So if there's a way to add functionality in Gephi to activate the Time Interval column which I can already import, that would be the path of least resistance for my purposes... I know it's a very obscure request, but if there's a any way to do it, that would be fantastic !

Axel

Revision history for this message
Mathieu Bastian (mathieu.bastian) wrote :

I see, you're at the most advanced level already :-) With several slices for elements. I would indeed recommend to use GEXF as the format can nicely represent intervals. I can give you more details about slices. You have two ways to format your intervals, with DATE or DOUBLE (cf the tutorial), so you can be as precise as double values.
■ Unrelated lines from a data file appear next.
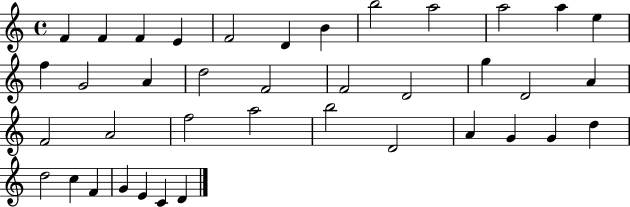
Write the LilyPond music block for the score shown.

{
  \clef treble
  \time 4/4
  \defaultTimeSignature
  \key c \major
  f'4 f'4 f'4 e'4 | f'2 d'4 b'4 | b''2 a''2 | a''2 a''4 e''4 | \break f''4 g'2 a'4 | d''2 f'2 | f'2 d'2 | g''4 d'2 a'4 | \break f'2 a'2 | f''2 a''2 | b''2 d'2 | a'4 g'4 g'4 d''4 | \break d''2 c''4 f'4 | g'4 e'4 c'4 d'4 | \bar "|."
}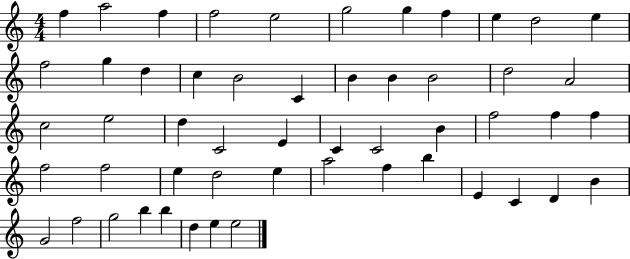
X:1
T:Untitled
M:4/4
L:1/4
K:C
f a2 f f2 e2 g2 g f e d2 e f2 g d c B2 C B B B2 d2 A2 c2 e2 d C2 E C C2 B f2 f f f2 f2 e d2 e a2 f b E C D B G2 f2 g2 b b d e e2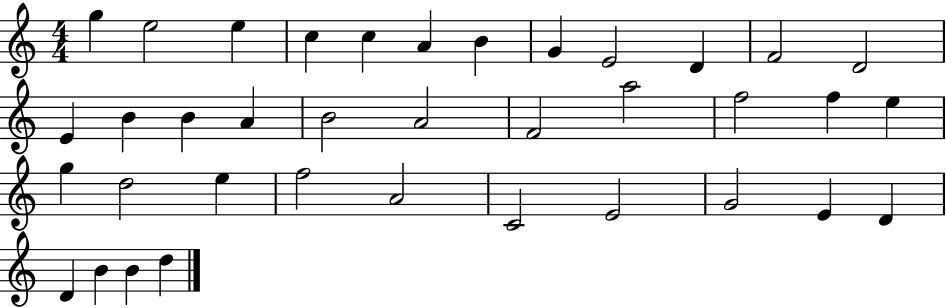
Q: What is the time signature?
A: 4/4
If your values represents nanoseconds, that is fine, you don't need to define slices properly.
In the GEXF format, slices is just a set of intervals, you don't need to declare them in advance or something like this.

I created the bug 659017 to enable dynamic when importing time interval column from CSV wizard. That would make possible direct import of time intervals if they are correctly formatted.
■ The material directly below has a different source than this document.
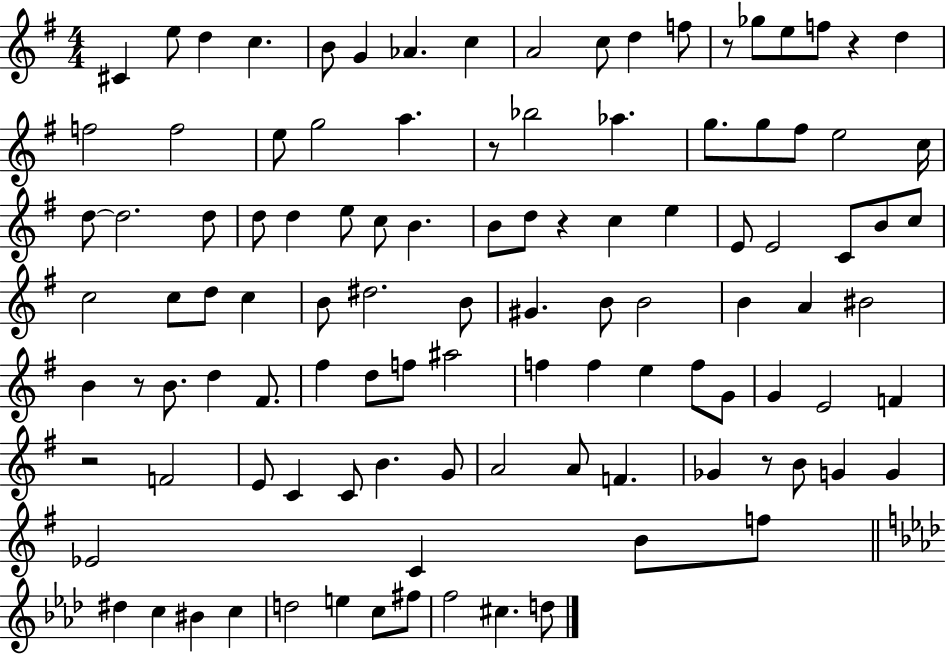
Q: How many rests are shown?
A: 7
Revision history for this message
Axel Bruns (a-bruns) wrote :

Thanks for that clarification - will see what I can do with GEXF. Unfortunately converting from a CSV list of edges (with start and end times) is not very straightforward... (Do you know of any tool that can do this ?)

Thanks for setting up the new bug as well !

Axel

Revision history for this message
Eduardo Ramos (eduramiba) wrote :

Hi, thanks for reporting the bug 659017. I fixed that problem and now the importer should use the first time interval column that it finds as the default dynamic column. Note that you still will need to indicate in the wizard that the column has TimeInterval type.

About the several slices I think you will need to use gexf format to achieve that, since this csv importer was intended to be a simple table formatted data importer.

Revision history for this message
Mathieu Bastian (mathieu.bastian) wrote :

Thanks Eduardo for your quick fix.

I deployed the patch on AutoUpdate, Alex you can update your Gephi, it should work now.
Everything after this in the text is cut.